[Web page caption snippets]
◆ ◆ ◆ ◆

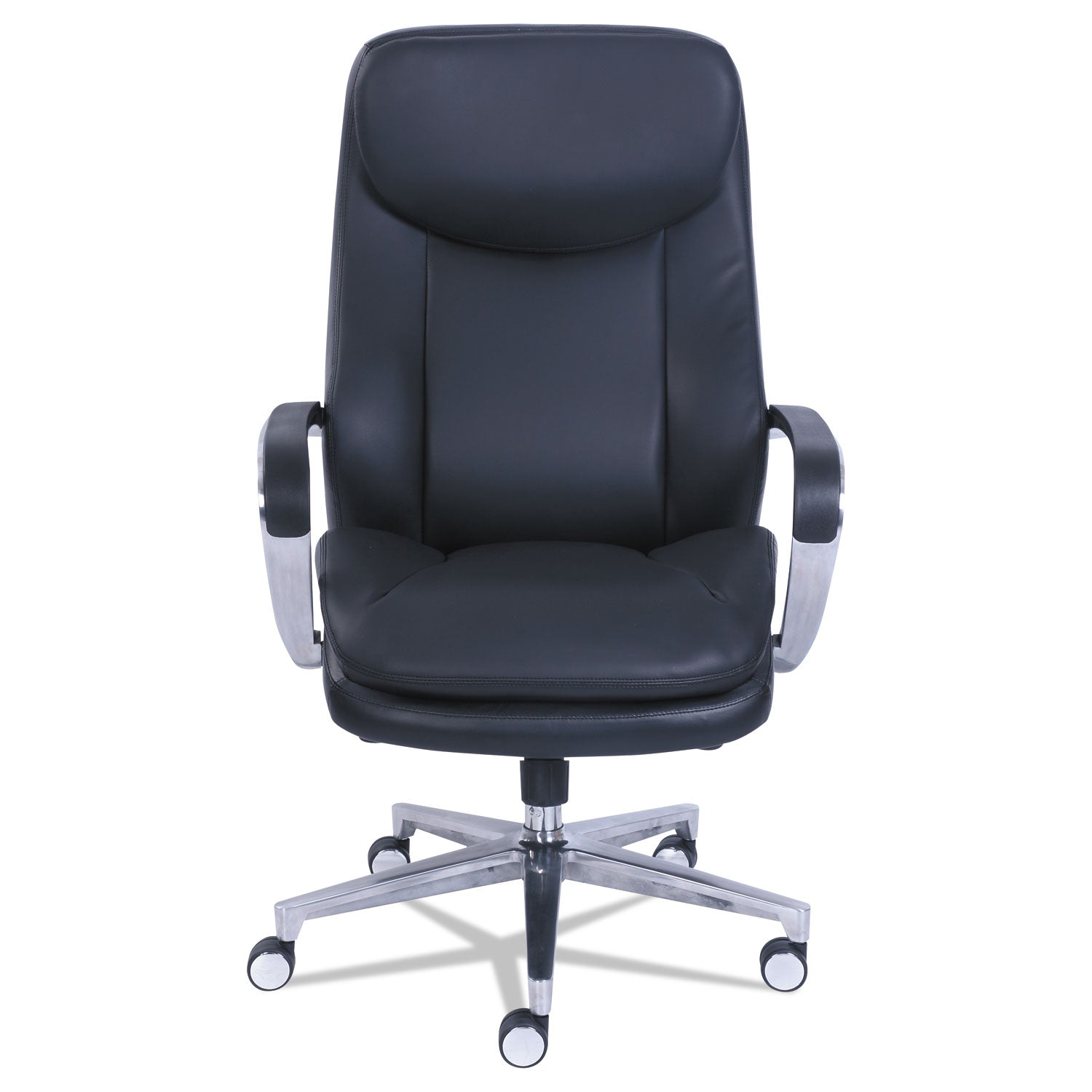 La-Z-Boy® Commercial 2000 High-Back Executive Chair, Supports Up to 300 lb, 20.25" to 23.25" Seat Height, Black Seat/Back, Silver Base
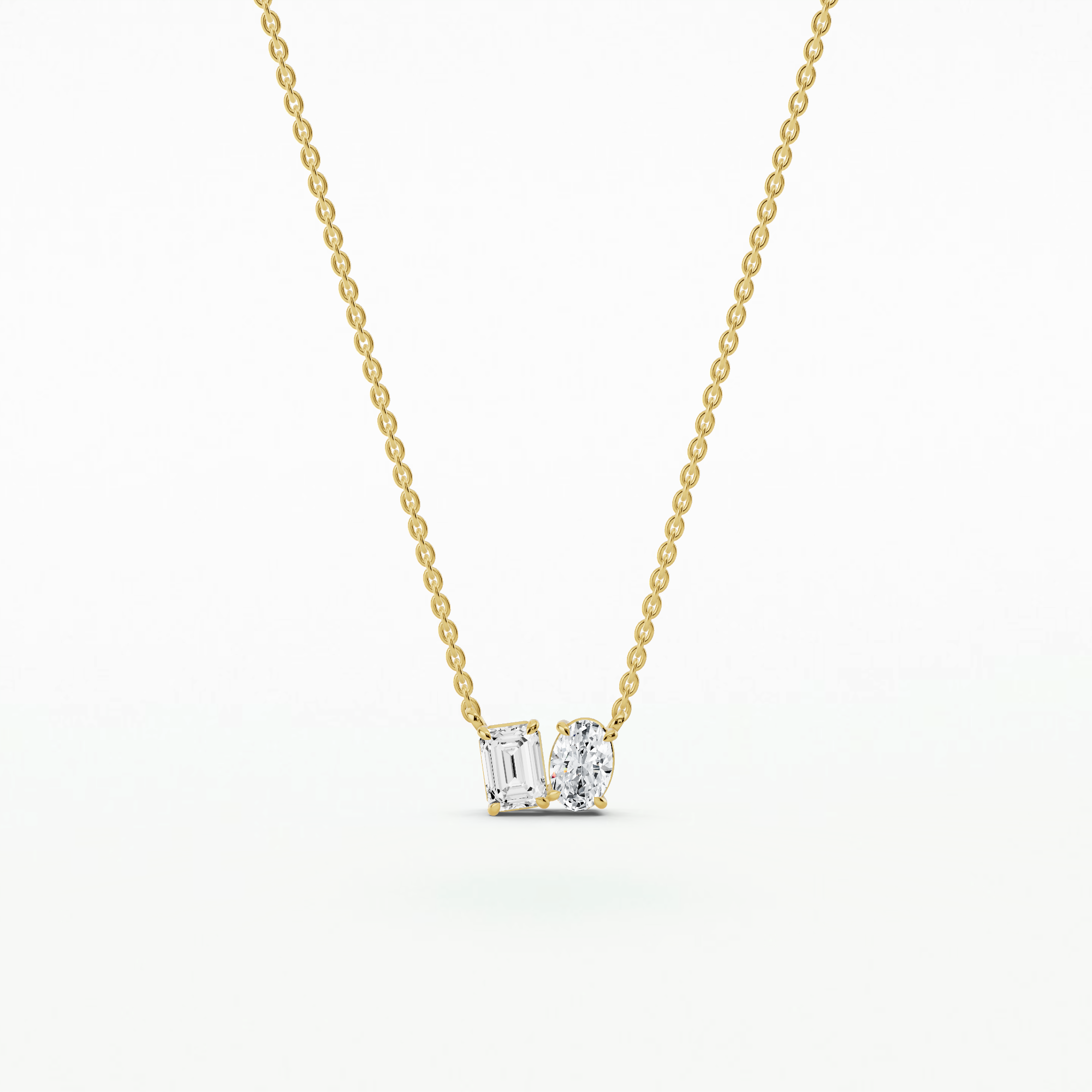 U&I Solitaire Duo Pendant-Multi Stone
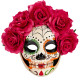 MASCHERA DIA DE LOS MUERTOS DECORATA CON ROSE ROSSE SET DA 12 WIDMANN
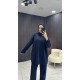 LACİVERT TONATON BASKILI GENİŞ PAÇALI PANTALONLU TAKIM
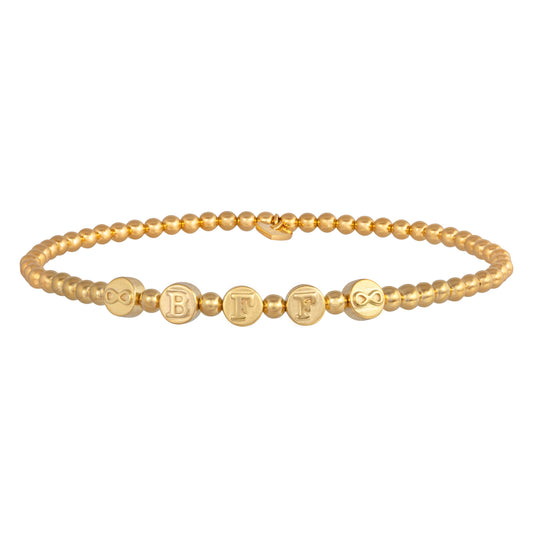 cai love Stretch-Armband Phantasiekette 925/- Sterling Silber vergoldet 16cm
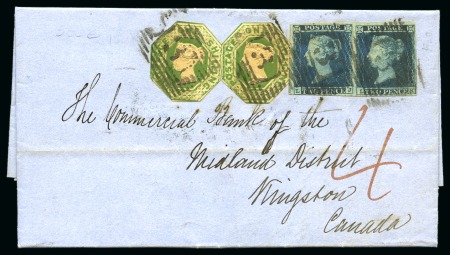 Stamp of Great Britain » 1847-54 Embossed 1852 (Oct 15) Entire from Edinburgh to Canada with two 1s green embossed cut-to-shape and 1841 2d blue pair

◆ ◆ ◆ ◆

▸ **What is being asked**:
Print every record above exactly as written, leaving out the pictures.

▸ **Answer box**:
 La-Z-Boy® Commercial 2000 High-Back Executive Chair, Supports Up to 300 lb, 20.25" to 23.25" Seat Height, Black Seat/Back, Silver Base
 U&I Solitaire Duo Pendant-Multi Stone
 MASCHERA DIA DE LOS MUERTOS DECORATA CON ROSE ROSSE SET DA 12 WIDMANN
 LACİVERT TONATON BASKILI GENİŞ PAÇALI PANTALONLU TAKIM
 cai love Stretch-Armband Phantasiekette 925/- Sterling Silber vergoldet 16cm
 Stamp of Great Britain » 1847-54 Embossed 1852 (Oct 15) Entire from Edinburgh to Canada with two 1s green embossed cut-to-shape and 1841 2d blue pair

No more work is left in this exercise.